(Material shown Opens)

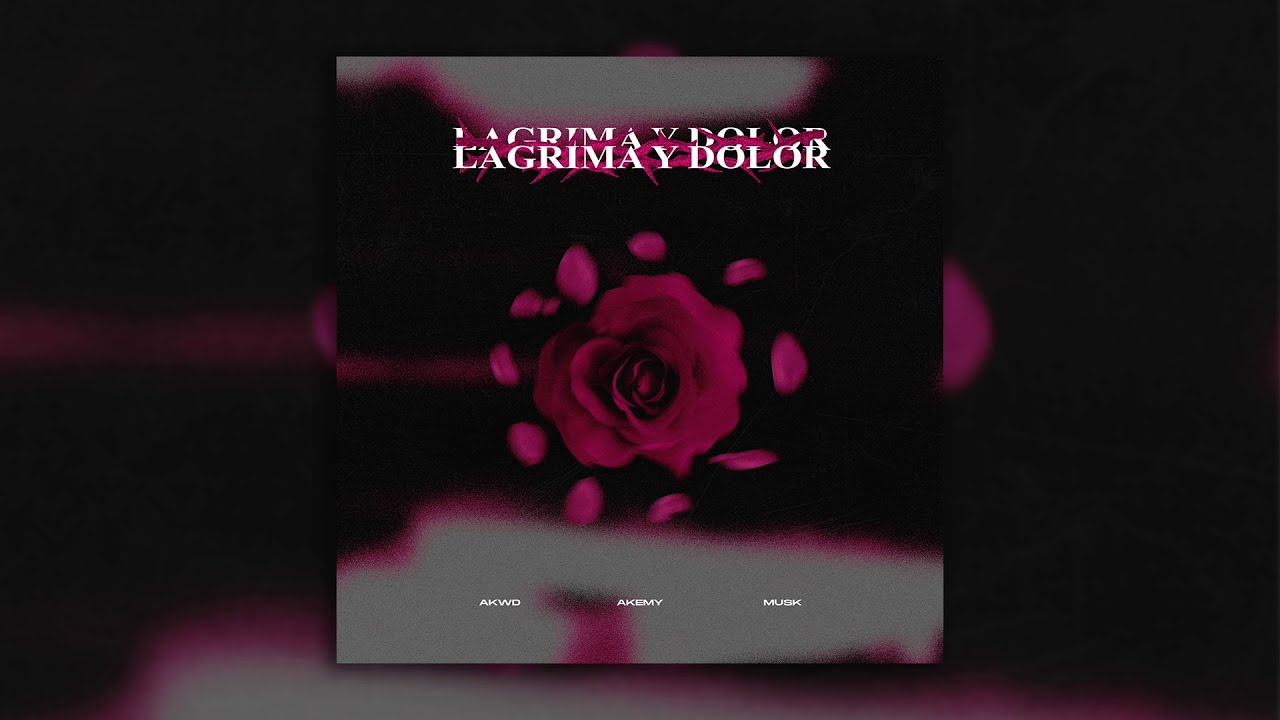 L&aacute;grima y Dolor - Akemy Shanel (Prod by. Arum)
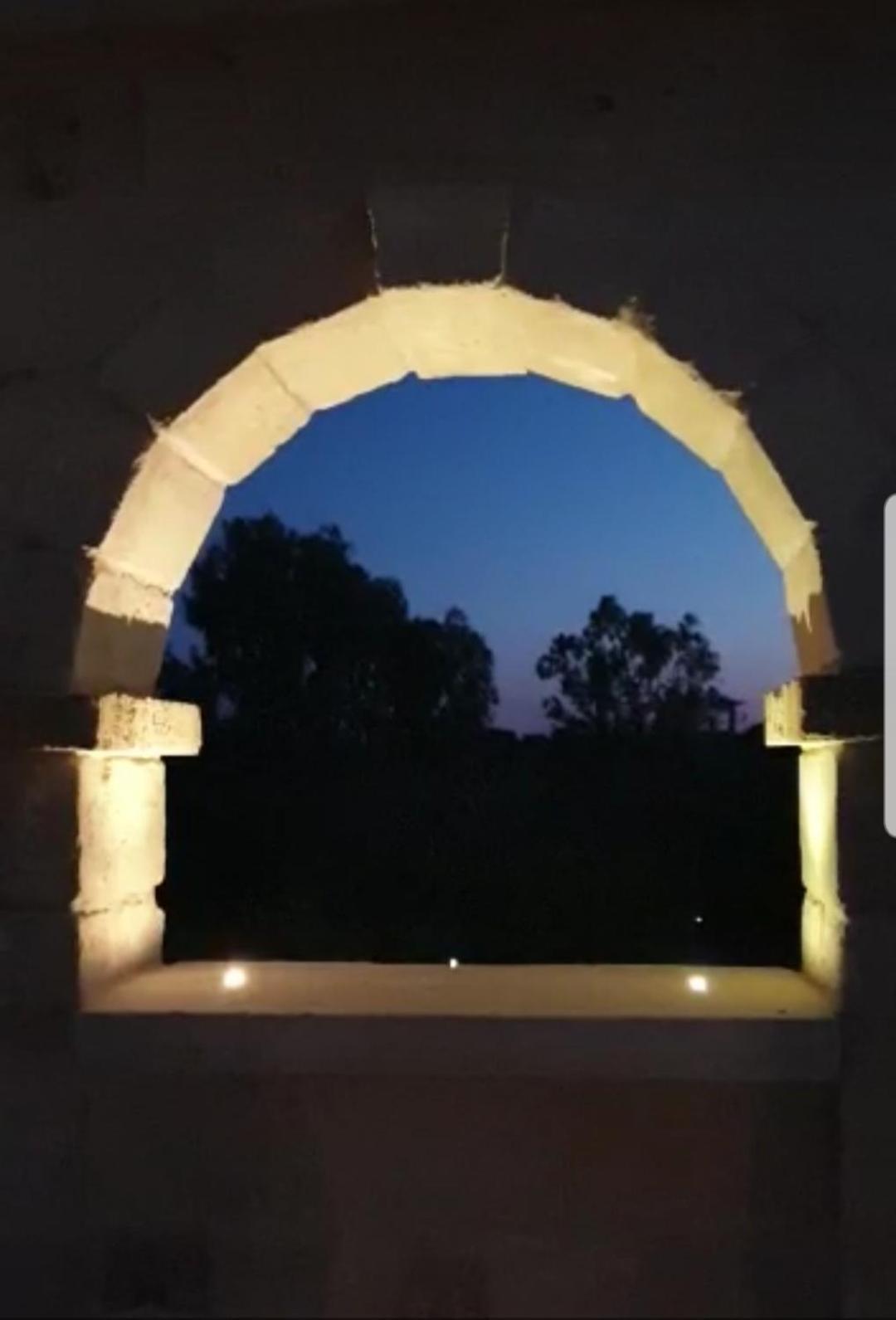 Trulli Aurasia Ostuni Bagian luar foto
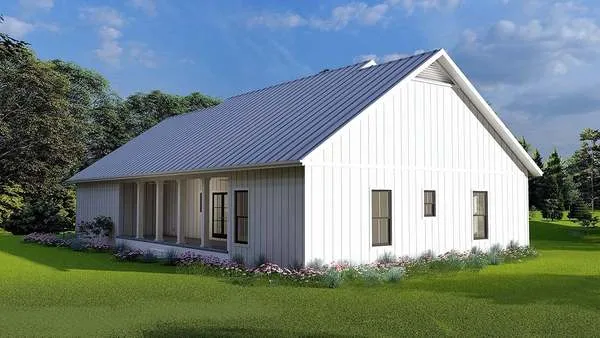ExteriorPhoto for House Plan #435161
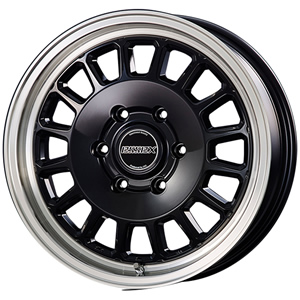 ハイエース ESSEX ENCD 17インチホイール＆タイヤセットを販売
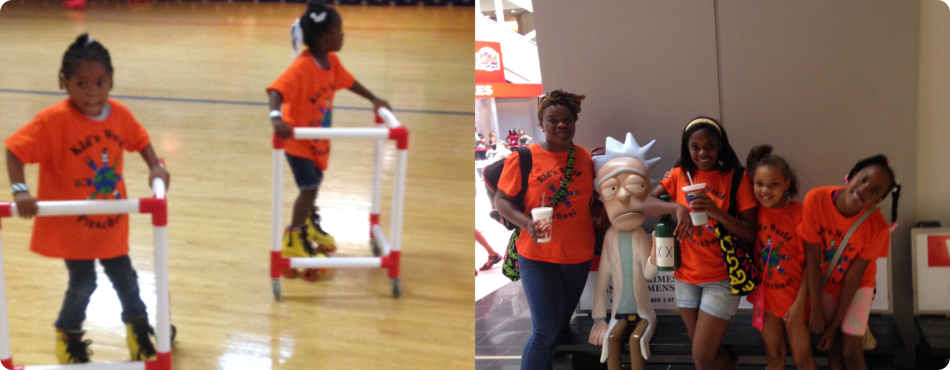 Kids World Preschool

(Material shown Closes)

Requirement: Would you write each entry out again exactly, omitting the images?

Exercise answer:
 L&aacute;grima y Dolor - Akemy Shanel (Prod by. Arum)
 Trulli Aurasia Ostuni Bagian luar foto
ExteriorPhoto for House Plan #435161
 ハイエース ESSEX ENCD 17インチホイール＆タイヤセットを販売
 Kids World Preschool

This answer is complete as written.